Aveyard tries too hard to make her writing pretty, constantly repeating lines like "red as the dawn" and "the shadow to the flame" without realizing that half of them don't make sense. [Flames don't have shadows, they have reflections. They have light. You need something else, something blocking the flame, to create a shadow.] Some of the descriptive, figurative language works, but most of it feels weak and slippery; making sense of it is like trying to hold water in your hands: You think you've got it, but in the end it falls through your fingers. Most of the one-liners that are supposed to leave an impact would be effective if they did not get dragged out or if the author stopped trying to explain them so much. She doesn't leave a whole lot to the reader to figure out.
"The world is Silver, but it is also gray. There is no black-and-white."Okay, fine. But... can I try something?
"The world is Silver, but it is also gray."BAM. You don't need to tell me that the world being gray means there is no black-and-white, because a) Nobody ever said there was black-and-white, and b) I get it. Gray is gray. Gray is not black or white. Just the word "gray" carries with it the moral ambiguity that you're trying to get across. Leave the readers to work with connotations on their own! I picked this example by flipping to a random page, but it is by no means the only one—most of the figurative language, in fact, is written this way.
As for the plot, it was pretty conventional and I saw both of the plot twists coming before I was halfway done with the book, but I have no complaints past that. It's well-paced and I didn't think it was too light or silly to be taken seriously. Curiosity got me through a lot of it.
I'm not pandering when I say that I did like this book.

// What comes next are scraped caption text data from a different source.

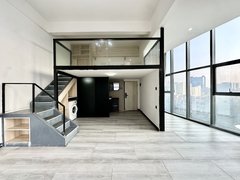 东莞厚街厚街万达新出！寮厦地铁口 大户型复式采光好 落地窗 家私齐全出租房源真实图片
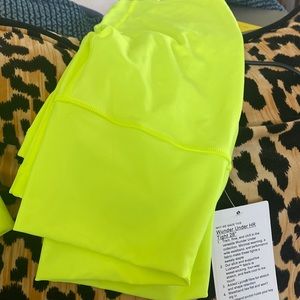 Lululemon wonder under high rise tight 28” size 6, color highlighter,never worn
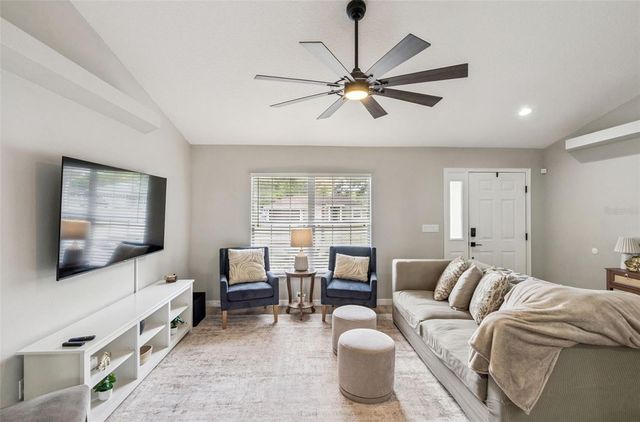 165 QUAIL OAKS CIRCLE, Groveland, FL 34736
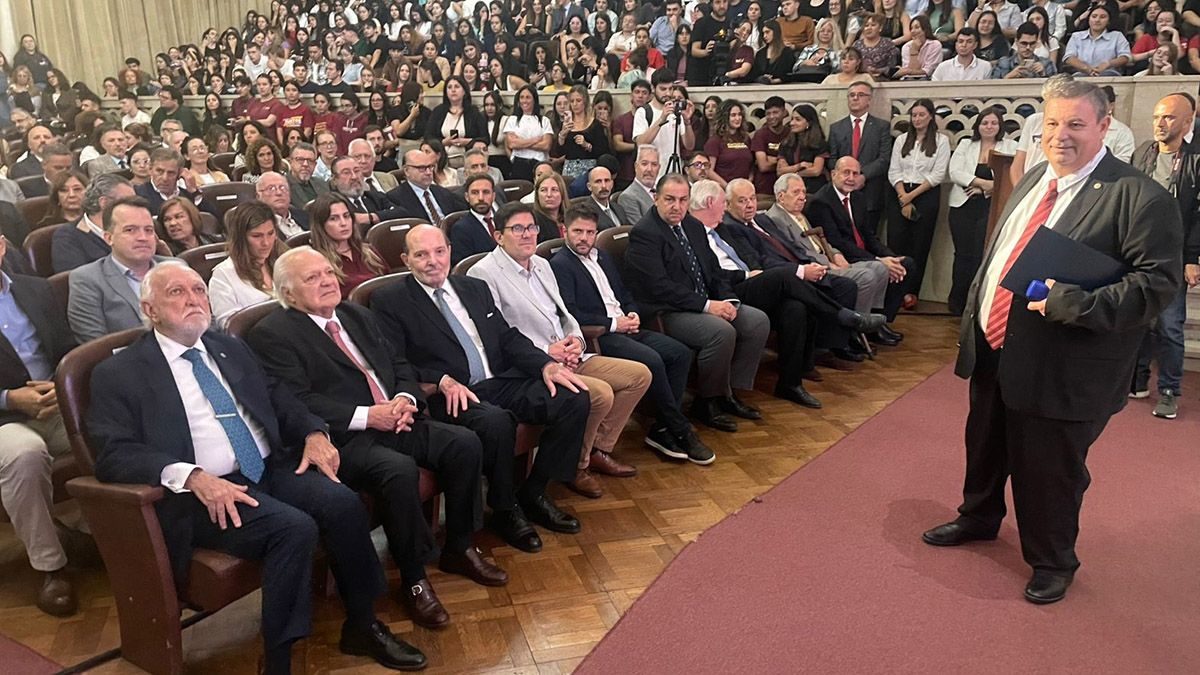 A 40 años del Juicio a las Juntas Militares de la última dictadura cívico-miliar en Argentina, la Universidad Nacional del Litoral (UNL) a través de la Facultad de Ciencias Jurídicas y Sociales (FCJS), reconoció esta tarde a los jueces que participaron del histórico. A 40 años del Juicio a las Juntas Militares de la última dictadura cívico-miliar en Argentina, la Universidad Nacional del Litoral (UNL) a través de la Facultad de Ciencias Jurídicas y Sociales (FCJS), reconoció esta tarde a los jueces que participaron del histórico.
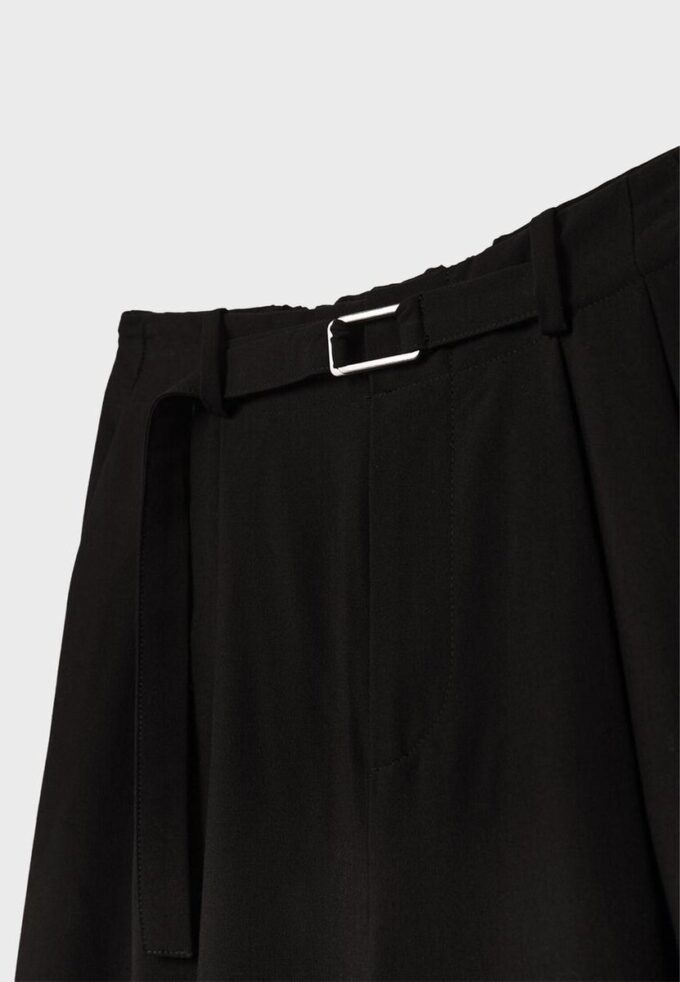 Pantaloni Wide Leg con dettaglio fibbia Pantaloni Wide Leg con dettaglio fibbia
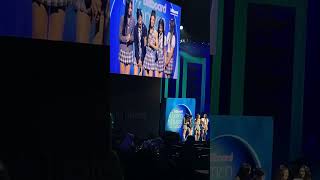 [FANCAM] New Jeans Accepts Group of the Year Award at Billboard Women’s in Music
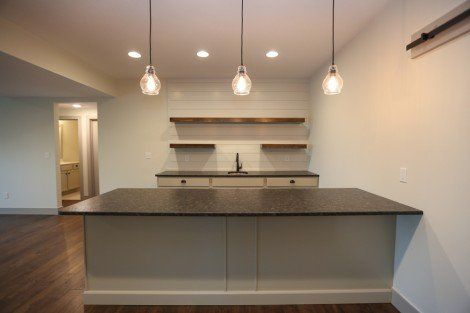 See Hansman Custom Homes' Portfolio of Custom-Built Wet Bars in Columbia, MO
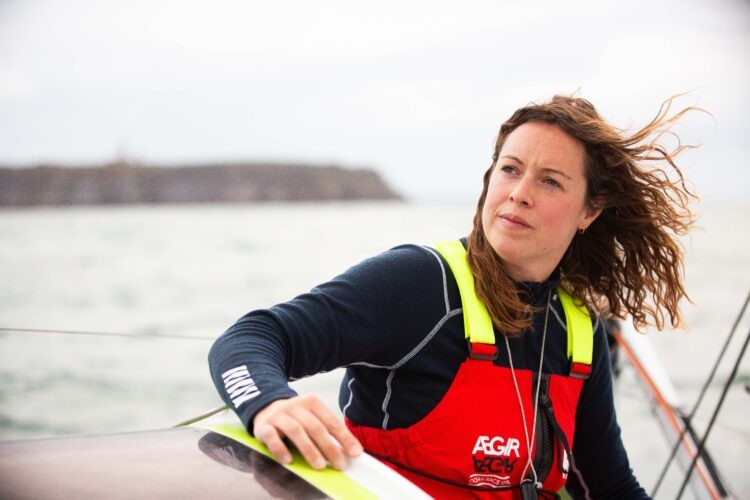 « En mer, j’ai trouvé ma place » : Rencontre avec Sasha Lanièce, navigatrice et fondatrice de l’écurie 100 % féminine Les Déferlantes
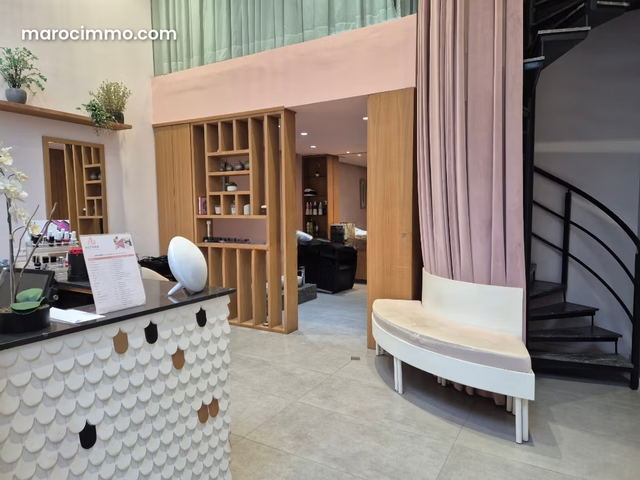 Magasin aménagé en salon de beauté à Beauséjour — Casablanca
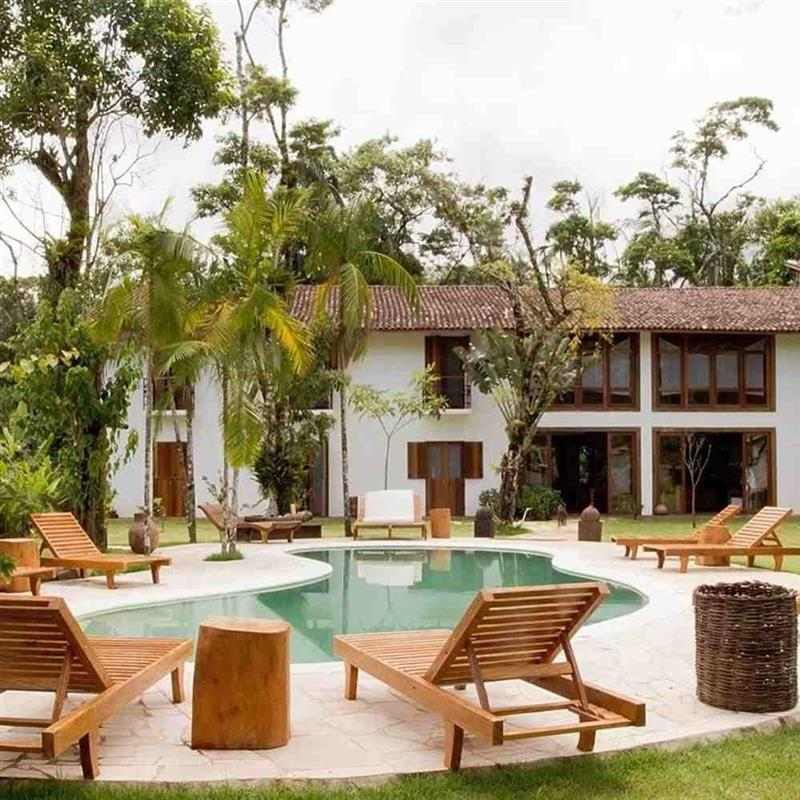 casa de campo com piscina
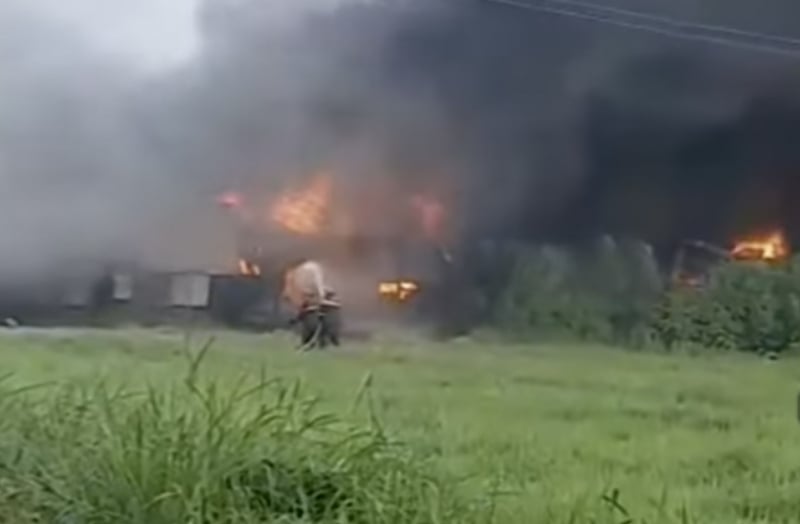 На заводе по производству пластика площадью в сотни квадратных метров в Хок Мон -0 вспыхнул огромный пожар
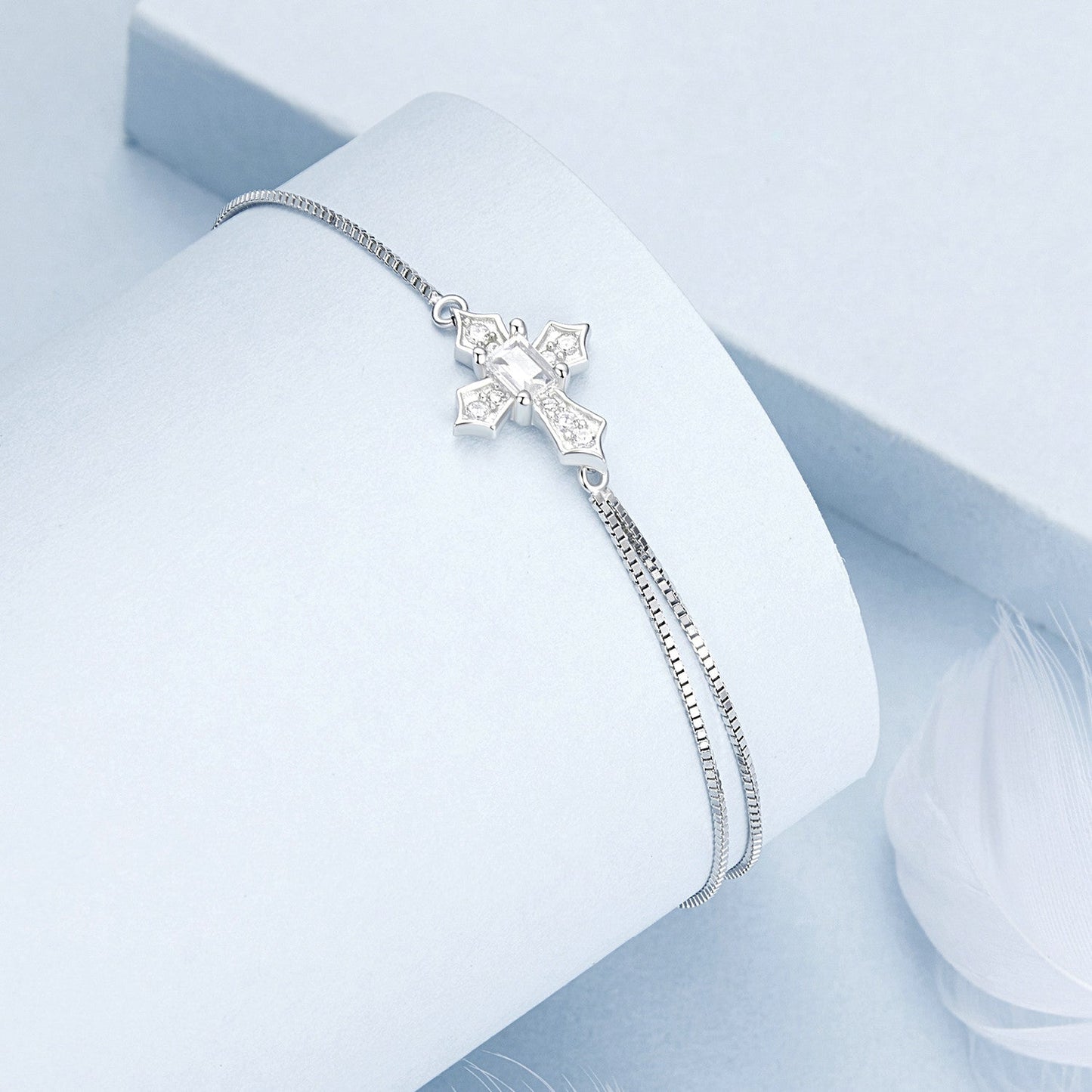 925 Sterling Silver White Gold Plated Bracelet with CZ Pendant 200mm for Women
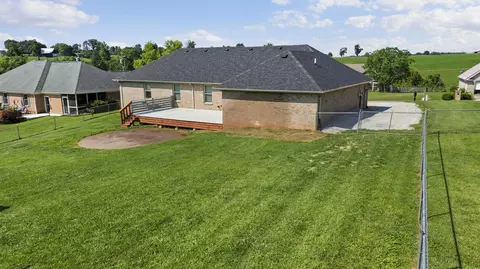 799 Hidden Loop Dr, Somerset, KY 42503 photo 8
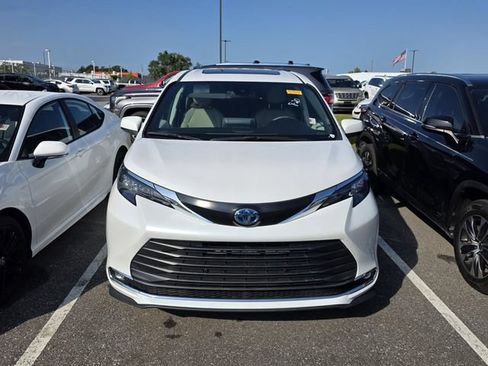 Used 2024 Toyota Sienna XLE FWD image 2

It was entertaining and I liked that the characters had a semblance of moral ambiguity (even though it came across as moral inconsistency), and I'm interested in where it will go. I liked Cal because, what can I say, I'm a sucker for the boys with king potential and a lot of weight on their shoulders. But comparing this book to The Winner's Curse does no one any favors; it does not even come close to that level of complexity and strategy and emotional depth. It takes features from The Hunger Games but, unlike that series, doesn't have anything to say. This is definitely closer to the Selection end of the dystopia/fantasy spectrum, which is fine, but sometimes YA readers expect more. That's all I'm saying.